Choose Best Microscope Camera
Matching a video camera to your microscope can be tricky
In this lens I’ll discuss how to go about choosing a video camera for your microscope. Specifically, we’ll look at camera pixel array and sensor size and how it relates to the field of view and performance of your microscope. Basic video camera technology has been around for several decades. But it has only been the past 25 years or so that high resolution, high performance, cameras have become available, and costs have dropped enough to make them practical for everyday use.
CCD Image Sensor SizeFor the purpose of this article I’ll assume you are familiar with the concept of pixel array size and how it relates to the quality of the captured image. Typically as the pixel count in the camera’s imaging device (sensor) grows, the physical size of the sensor grows as well. However, the reverse is not always true. In other words as the physical size of the sensor grows, an increase in pixel count does not always follow.
For microscopy applications, a high pixel count is usually preferably, but just as desirable is a high light sensitivity. As the magnification of the microscope increases, the amount of light collected decreases. So increasing camera sensitivity can become critical. A common way to do this is to increase the size of the individual pixels, thus collecting more light.
As the size of the pixels increase and the number of pixels remains constant, the overall size of the camera imaging sensor must increase. This can lead to some confusion, so lets address that.
Let’s look at the ubiquitous standard color video camera. Developed decades ago for standard broadcast and closed circuit camera (CCTV) systems, they typically employ a standard image array size of approximately 640 x 480 pixels (VGA resolutions). There are of course much greater resolution cameras available today, but the VGA analog camera is wide spread, inexpensive, and supported by a huge array of accessories, including optics, image capture devices, imaging software, etc.. As a result, there are more of them in use for image microscopy than any other class of imaging device.
As manufacturing methods have improved, the size of the pixels and the overall size of the sensor, have been reduced. Smaller sensors cost lest to manufacture, so there is incentive driving the sensor size smaller. This has resulted in standardized sensor sizes of 1-inch, 2/3-inch, 1/2-inch, 1/3-inch, and even 1/4-inch. However, the 640×480 pixel count has remained constant.
When purchasing camera components Microscopists are faced with making a choice between these varying sensor sizes, and understanding how they will affect performance of their microscopes.

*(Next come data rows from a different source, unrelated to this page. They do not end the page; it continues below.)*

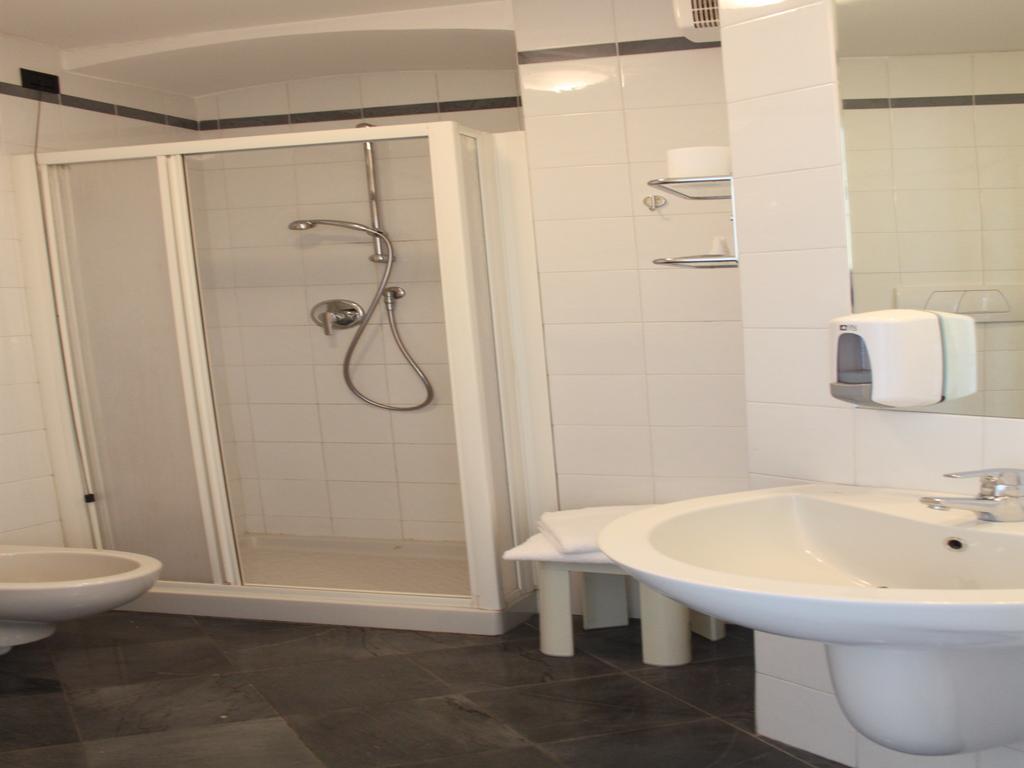 Tweepersoonskamer met 1 of 2 Bedden en Balkon - Uitzicht op Zee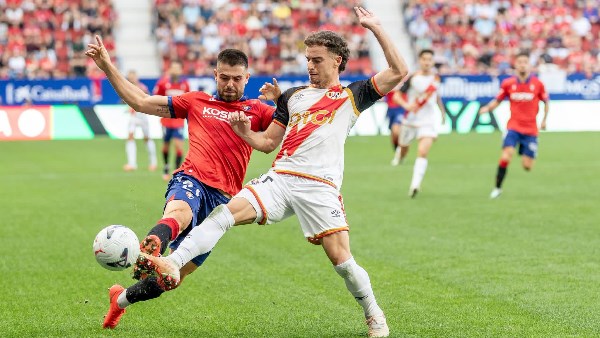 رايو فاليكانو وأوساسونا يحققان التعادل 1-1 في الدوري الإسباني لكرة القدم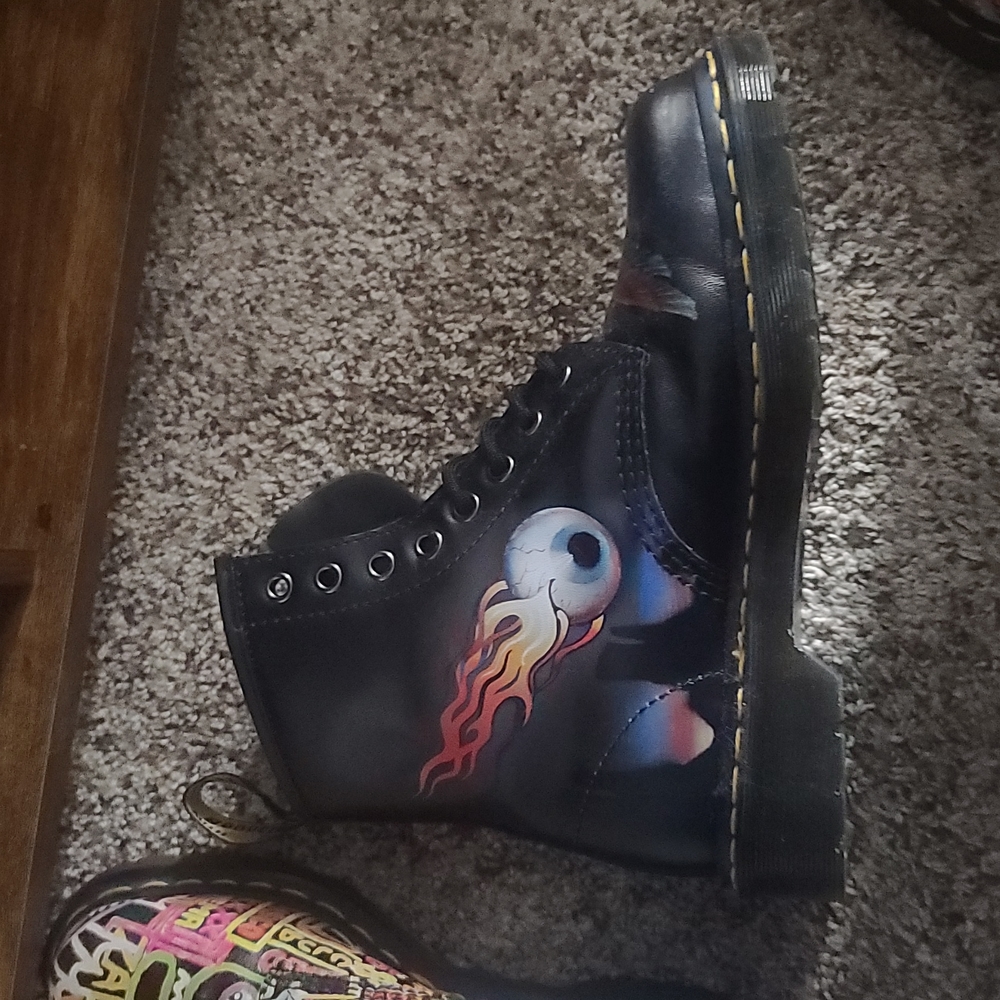 DR. MARTENS - Rick Griffin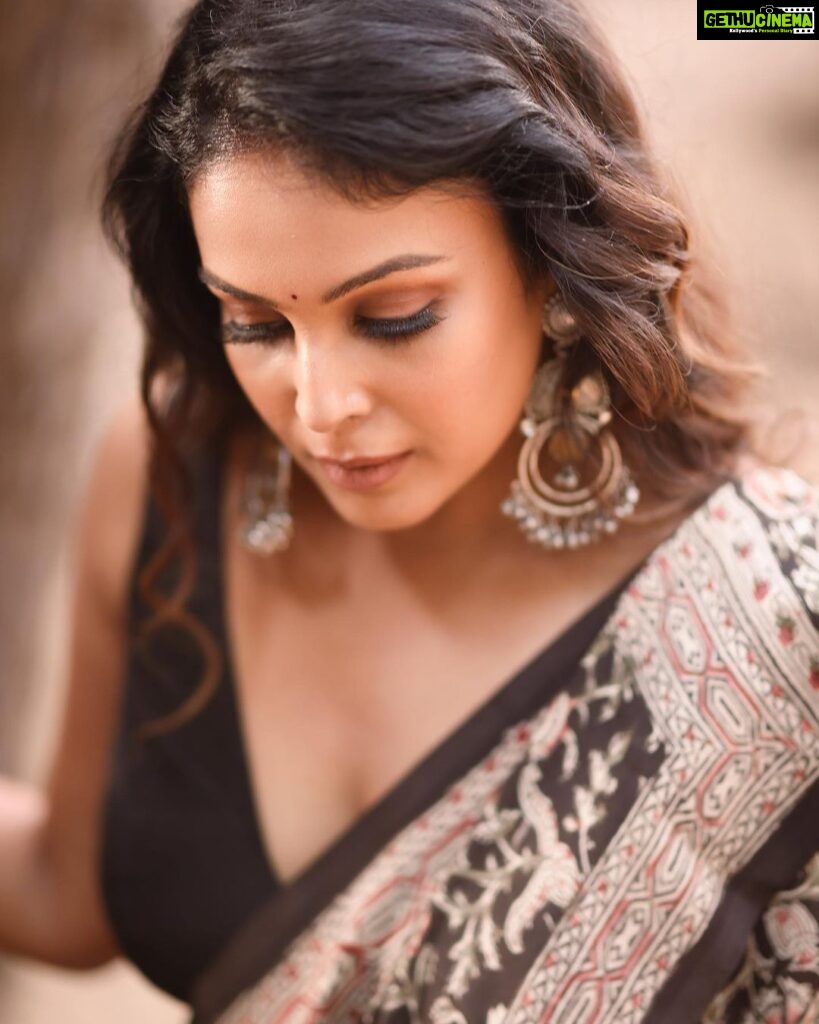 Chandini Tamilarasan Instagram - A saree can transform you into a vision of elegance and sophistication. Shot by @haran_official_ Styled by @indu_ig Mua @deepz_beautyjourney Hairstylist @prem_hairstyle Saree @mathugai_handlooms Jewelry @the_beta_girl #chandinitamilarasan #SareeMagic #BeautyInTradition #womenempowerment #sareefashion #foreverchic #traditionalelegance #sareeculture Chennai, India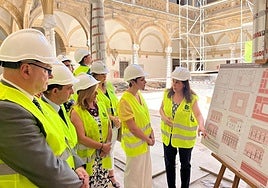 Técnica explicando el proyecto a la ministra Isabel Rodríguez junto a otras autoridades.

Hitachi KP-D20AAs an example, the Hitachi KP-D20A and KP-D20B are popular, low cost, high performance cameras for microscopy applications. The two models are identical except for the size of their CCD imaging sensors. The D20A has a 1/3-inch sensor, and the D20B has a 1/2-inch sensor. The D20B has higher sensitivity owing to its larger pixel size, but it costs approximately 30% than the D20A model. Which should a microscopist choose ? Well, it depends on their imaging priorities. Is high sensitivity more important than field of view or resolution ?
Microscope Camera Sensor SizeSo lets discuss how the physical size of the camera sensor relates to your microscope and it’s field of view. First, most microscopes these days include an auxiliary viewing port. The port can be used for a variety of accessories but is most often used to mount a video camera. You can mount a camera directly to this port, but the image relayed to the camera sensor is “raw”. In other words it is not adjusted optically in any way to match your cameras image sensor.
The image to the right, shows the circular microscope field of view in relation to a 1/3-inch and 1/2-inch CCD sensors as provided by the Hitachi KP-D20A and KP-D20B respectively. As you can see, the 1/2-inch CCD covers a larger percentage of the microscope’s field of view. In fact it overfills it, leaving a significant portion of the sensor, and pixels, outside the field of view. The superior resolution of the 1/2-inch CCD sensor is lost in this arrangement.
By comparison the 1/3-inch CCD is entirely encompassed by the microscopes field of view. One hundred percent of it’s imaging resolution is put to use to resolve the viewing field. Of course the down side is that a significant portion of the field of view is not imaged.
And there is the choice the microscopist must make when choosing a video camera. The rectangular dimensions of the imaging sensor is at odds with the circular nature of the microscopes field of view. The microscopist must prioritize sensitivity, resolution, and field of view to make the appropriate choice of camera.
As a result, most microscopists choose the highest resolution camera their budget will afford, and choose optics and sensor size to allow the entire microscope field of to be captured. Although a significant portion of the camera sensor goes unused, by choosing the highest resolution camera, the microscopist can balance image quality against information content.